Enabling change data capture from MySQL to Apache Kafka® with Debezium

Implement a change data capture workflow in Apache Kafka®, a key component of any organization with high data integrity requirements.

Change Data Capture (CDC) is the process of tracking the changes happening in one or more database table in a source system and propagating them to a target technology. The objective of this tutorial is to create a CDC flow from a source table in a MySQL database to Apache Kafka® via the Kafka Connect Debezium Source connector.

Change Data Capture from MySQL to Apache Kafka via Kafka Connect

In order to setup a change data capture process tracking the changes from a MySQL database to Apache Kafka, we can use Kafka Connect, a framework which integrates Apache Kafka with external systems.

There are two types of Kafka Connect connectors we can use to set up a CDC process between MySQL and Apache Kafka:

  • The JDBC Source connector, a query based approach which periodically pulls the latest changes from MySQL into Kafka.
  • The Debezium Source connector, which reads from a MySQL binary log (binlog) and streams the changes to Apache Kafka.

While both connectors can move MySQL data into Apache Kafka, the Debezium connector tracks the changes in streaming mode (not in a query based batch mode).

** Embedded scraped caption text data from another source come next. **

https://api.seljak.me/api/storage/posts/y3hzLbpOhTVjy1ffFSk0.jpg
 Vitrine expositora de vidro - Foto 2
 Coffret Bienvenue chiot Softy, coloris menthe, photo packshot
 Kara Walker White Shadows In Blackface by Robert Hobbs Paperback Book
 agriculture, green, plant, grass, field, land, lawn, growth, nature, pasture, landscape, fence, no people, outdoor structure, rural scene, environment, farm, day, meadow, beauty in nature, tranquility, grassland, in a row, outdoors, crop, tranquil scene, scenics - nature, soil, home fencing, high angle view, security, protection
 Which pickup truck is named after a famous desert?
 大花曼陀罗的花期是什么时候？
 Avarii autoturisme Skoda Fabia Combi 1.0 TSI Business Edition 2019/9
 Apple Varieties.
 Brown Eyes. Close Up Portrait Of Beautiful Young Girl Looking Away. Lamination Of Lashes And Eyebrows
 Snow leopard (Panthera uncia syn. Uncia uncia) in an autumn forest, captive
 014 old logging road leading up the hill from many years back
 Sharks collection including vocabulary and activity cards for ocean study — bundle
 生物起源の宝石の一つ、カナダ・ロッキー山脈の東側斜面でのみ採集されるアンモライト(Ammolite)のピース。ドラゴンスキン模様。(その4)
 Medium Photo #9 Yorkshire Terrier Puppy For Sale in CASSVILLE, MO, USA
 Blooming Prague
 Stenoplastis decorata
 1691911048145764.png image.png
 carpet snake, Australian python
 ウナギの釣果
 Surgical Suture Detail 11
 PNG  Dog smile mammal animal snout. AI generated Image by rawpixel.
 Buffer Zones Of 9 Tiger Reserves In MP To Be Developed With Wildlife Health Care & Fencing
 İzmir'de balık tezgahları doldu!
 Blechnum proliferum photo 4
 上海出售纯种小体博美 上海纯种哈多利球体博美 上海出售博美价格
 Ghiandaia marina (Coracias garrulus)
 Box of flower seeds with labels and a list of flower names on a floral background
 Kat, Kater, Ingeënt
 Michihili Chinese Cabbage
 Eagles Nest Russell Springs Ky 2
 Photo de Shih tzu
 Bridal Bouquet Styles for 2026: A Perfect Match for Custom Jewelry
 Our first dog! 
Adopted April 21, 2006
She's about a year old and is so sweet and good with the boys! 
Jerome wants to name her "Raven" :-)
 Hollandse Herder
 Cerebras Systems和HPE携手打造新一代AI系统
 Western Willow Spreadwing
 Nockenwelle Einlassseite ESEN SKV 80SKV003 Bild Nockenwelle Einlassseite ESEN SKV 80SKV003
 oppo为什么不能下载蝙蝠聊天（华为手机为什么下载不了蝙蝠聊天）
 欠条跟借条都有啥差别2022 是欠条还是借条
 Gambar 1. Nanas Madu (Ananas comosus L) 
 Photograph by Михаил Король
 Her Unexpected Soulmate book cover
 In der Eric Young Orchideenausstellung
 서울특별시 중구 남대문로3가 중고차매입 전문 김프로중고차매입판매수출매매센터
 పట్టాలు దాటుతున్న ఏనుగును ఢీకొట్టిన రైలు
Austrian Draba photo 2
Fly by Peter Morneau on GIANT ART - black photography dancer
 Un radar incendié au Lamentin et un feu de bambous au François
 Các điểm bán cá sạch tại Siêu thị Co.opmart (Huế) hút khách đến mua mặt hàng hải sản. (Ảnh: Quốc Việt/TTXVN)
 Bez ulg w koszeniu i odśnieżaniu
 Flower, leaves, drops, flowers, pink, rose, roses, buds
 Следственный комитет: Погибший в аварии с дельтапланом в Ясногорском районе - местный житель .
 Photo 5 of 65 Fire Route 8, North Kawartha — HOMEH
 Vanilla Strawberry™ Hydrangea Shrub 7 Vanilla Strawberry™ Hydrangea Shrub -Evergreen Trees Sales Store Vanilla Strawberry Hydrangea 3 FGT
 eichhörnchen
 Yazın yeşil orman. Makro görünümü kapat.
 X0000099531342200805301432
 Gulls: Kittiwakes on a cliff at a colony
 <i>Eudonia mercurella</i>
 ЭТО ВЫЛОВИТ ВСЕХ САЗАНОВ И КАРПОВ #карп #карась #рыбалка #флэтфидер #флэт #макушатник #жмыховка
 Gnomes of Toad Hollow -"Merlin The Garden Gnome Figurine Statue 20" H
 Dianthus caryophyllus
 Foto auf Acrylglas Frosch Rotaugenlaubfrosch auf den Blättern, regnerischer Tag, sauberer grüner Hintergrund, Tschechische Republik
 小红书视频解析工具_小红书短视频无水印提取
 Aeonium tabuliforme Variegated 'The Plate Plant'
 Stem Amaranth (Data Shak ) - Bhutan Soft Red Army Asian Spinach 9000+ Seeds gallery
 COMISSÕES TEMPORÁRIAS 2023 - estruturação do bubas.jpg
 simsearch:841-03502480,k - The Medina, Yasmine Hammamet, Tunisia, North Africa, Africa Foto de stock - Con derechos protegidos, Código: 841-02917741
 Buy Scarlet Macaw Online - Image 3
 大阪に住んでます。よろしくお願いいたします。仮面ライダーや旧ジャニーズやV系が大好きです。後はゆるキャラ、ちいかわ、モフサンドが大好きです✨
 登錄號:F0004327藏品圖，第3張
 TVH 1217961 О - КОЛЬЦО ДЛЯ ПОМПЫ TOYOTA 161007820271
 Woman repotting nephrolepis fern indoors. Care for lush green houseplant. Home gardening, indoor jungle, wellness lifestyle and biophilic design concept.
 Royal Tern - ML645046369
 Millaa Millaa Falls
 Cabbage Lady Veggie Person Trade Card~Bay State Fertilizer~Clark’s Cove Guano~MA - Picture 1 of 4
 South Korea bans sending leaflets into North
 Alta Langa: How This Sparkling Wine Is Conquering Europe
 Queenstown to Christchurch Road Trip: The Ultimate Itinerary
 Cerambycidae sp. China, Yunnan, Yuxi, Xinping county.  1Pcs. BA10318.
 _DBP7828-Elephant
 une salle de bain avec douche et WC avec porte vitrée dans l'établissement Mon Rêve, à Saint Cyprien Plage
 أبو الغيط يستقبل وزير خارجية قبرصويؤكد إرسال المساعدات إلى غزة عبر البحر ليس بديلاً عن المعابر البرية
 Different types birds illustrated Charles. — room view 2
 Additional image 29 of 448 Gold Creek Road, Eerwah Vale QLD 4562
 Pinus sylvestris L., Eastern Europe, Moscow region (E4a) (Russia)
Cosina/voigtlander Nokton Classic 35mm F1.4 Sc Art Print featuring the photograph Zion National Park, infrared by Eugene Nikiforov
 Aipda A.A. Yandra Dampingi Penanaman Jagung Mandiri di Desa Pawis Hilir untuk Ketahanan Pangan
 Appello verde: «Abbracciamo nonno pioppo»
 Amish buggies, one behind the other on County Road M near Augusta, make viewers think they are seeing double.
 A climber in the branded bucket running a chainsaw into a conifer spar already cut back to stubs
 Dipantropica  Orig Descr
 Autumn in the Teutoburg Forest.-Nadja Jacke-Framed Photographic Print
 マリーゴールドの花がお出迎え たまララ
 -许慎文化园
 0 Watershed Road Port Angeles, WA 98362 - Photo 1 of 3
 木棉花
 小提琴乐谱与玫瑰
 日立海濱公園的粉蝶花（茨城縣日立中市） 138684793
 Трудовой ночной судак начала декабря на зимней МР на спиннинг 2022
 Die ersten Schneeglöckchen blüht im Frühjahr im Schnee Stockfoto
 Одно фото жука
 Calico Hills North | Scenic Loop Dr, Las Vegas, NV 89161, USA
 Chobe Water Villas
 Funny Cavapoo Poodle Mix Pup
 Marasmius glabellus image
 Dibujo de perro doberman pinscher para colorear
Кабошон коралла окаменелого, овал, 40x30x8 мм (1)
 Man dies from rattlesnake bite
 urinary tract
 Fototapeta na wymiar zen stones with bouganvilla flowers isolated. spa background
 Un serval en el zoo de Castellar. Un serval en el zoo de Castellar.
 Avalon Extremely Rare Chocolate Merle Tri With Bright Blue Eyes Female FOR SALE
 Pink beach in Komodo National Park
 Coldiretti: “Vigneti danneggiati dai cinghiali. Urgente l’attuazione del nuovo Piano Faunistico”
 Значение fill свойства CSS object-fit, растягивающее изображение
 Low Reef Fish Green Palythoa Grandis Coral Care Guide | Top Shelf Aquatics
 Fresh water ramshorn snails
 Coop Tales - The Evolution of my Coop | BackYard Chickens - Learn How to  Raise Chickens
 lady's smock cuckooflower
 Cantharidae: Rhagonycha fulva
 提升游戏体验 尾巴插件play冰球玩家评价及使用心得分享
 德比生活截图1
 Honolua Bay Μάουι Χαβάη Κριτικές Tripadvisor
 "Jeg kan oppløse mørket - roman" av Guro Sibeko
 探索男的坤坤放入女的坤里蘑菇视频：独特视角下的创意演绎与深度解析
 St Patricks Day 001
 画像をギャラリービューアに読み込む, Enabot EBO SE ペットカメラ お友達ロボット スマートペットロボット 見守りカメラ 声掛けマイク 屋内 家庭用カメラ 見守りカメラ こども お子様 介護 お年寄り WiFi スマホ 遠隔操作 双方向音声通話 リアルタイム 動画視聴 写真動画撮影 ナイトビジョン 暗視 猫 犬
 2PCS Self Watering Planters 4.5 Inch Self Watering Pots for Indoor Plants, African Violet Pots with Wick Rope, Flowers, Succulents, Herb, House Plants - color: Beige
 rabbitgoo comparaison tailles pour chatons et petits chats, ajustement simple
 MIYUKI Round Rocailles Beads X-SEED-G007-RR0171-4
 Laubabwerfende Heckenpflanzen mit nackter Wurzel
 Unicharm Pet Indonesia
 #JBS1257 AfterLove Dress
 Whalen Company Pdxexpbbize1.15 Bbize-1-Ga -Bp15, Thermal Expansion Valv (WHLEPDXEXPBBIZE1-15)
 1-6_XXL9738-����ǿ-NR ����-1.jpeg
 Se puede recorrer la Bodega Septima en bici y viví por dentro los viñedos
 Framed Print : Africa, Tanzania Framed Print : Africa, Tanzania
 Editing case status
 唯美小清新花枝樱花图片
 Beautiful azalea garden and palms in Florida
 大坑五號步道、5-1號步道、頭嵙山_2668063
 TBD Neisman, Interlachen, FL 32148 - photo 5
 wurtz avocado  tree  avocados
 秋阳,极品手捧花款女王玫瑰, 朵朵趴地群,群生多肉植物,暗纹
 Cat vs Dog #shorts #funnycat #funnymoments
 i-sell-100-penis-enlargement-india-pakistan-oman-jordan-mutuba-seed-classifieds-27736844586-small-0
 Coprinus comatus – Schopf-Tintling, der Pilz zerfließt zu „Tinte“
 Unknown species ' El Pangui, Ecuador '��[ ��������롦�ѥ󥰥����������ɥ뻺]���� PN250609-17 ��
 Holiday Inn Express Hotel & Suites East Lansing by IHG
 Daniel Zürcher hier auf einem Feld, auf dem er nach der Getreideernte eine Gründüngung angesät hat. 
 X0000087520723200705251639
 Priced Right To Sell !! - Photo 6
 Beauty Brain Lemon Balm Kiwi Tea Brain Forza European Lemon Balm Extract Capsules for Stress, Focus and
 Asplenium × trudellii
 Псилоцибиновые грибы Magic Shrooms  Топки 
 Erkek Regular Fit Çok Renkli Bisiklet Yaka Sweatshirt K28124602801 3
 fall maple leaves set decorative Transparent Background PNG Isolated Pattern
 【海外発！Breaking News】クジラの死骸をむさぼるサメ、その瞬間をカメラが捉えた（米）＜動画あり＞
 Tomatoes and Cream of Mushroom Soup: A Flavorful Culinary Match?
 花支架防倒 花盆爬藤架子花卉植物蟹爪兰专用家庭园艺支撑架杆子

This allows us to enhance the extracted data with useful metadata like transaction, IDs and timestamps, and pre-post update details.

The following tutorial guides you through setting up a CDC process using the Debezium connector.

Environment setup

The first step into setting up a CDC process is to create the source MySQL database and the target Apache Kafka cluster with Kafka Connect enabled. We'll use Aiven for MySQL and Aiven for Apache Kafka® to do this.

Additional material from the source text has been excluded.